Yes, the main goal for the project is to invent storage structures and mechanisms to access the sequence data. So in that sense these breakthroughs are tied into our goals.
The first [goal] is an open problem from 1985 … There is a classic paper published by [Bob] Tarjan, a faculty member at Princeton, and he left this as an open problem in 1985. In that paper he gives a way to answer a sequence of queries for numbered data and he leaves it as an open problem for how do you solve this for string data?
Good papers and good people always solve some problems but also pose some questions. He was a Turing award winner [in 1986, as an HP Senior Fellow].
What challenges have you faced toward this end?
The main problems are the intellectual difficulty. It was not clear when we started working on it that we would come up with the results that we came up with. I was not expecting I would be able to solve these problems.
[Tarjan] just posed the problem for people to work on, for the community to work on.
Interesting. So please now give an overview of your other major bioinformatics projects.
[T]he achievements I’ve talked about so far are breakthroughs in terms of algorithms, so I have taken a one-year extension on the project so we can actually go ahead and try to implement systems using these methods. I would like to implement these systems and see how they work in practice.
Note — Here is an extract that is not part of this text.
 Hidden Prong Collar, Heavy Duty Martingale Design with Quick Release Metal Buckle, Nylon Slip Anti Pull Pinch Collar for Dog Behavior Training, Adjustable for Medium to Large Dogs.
The grant was actually till 2007 but NSF allows us to take a one-year extension.
There are a number of other projects, too. I currently have probably six NSF grants, and we have grants from other agencies. One we are involved in is the provision of assemblies for the Maize [Genome] Sequencing Project. That is an NSF/US. Department of Agriculture/Department of Energy, $30 million genome sequencing project led by the University of Washington in St. Louis … We are doing the gene assemblies using the Blue Gene supercomputer.
I also read about CREST (The Center for Excellence in Bioinformatics and Computational Biology) grant. What can you tell me about that?
Yes, regarding CREST, I have a sub-contract from New Mexico State University. They received the CREST funding to set up a center of excellence in bioinformatics … I have joint research with them and we are helping them set up a program at New Mexico in bioinformatics. We have a PhD program at Iowa State with more than 55 PhD students in bioinformatics, which is possibly the largest in the country. There will be a masters program at NM [in bioinformatics, as a result of this initiative.
And [all of this has been possible] through the IGERT program – meaning Integrated Graduate Education and Research Training program. We can recruit talented students, give them fellowships and direct them to certain research areas. … We have an IGERT to jointly carry out education in this area.
Fellowships will be given by NSF to offer IGERT fellowships at both schools, and offer interaction both in the informatics and research areas.
Who aids you in your research?
The graduate students are a very significant part of it. I have graduated three PhD students this past summer and I am still left with one post-doc researcher and seven [more] PhD students. So we are fairly large group.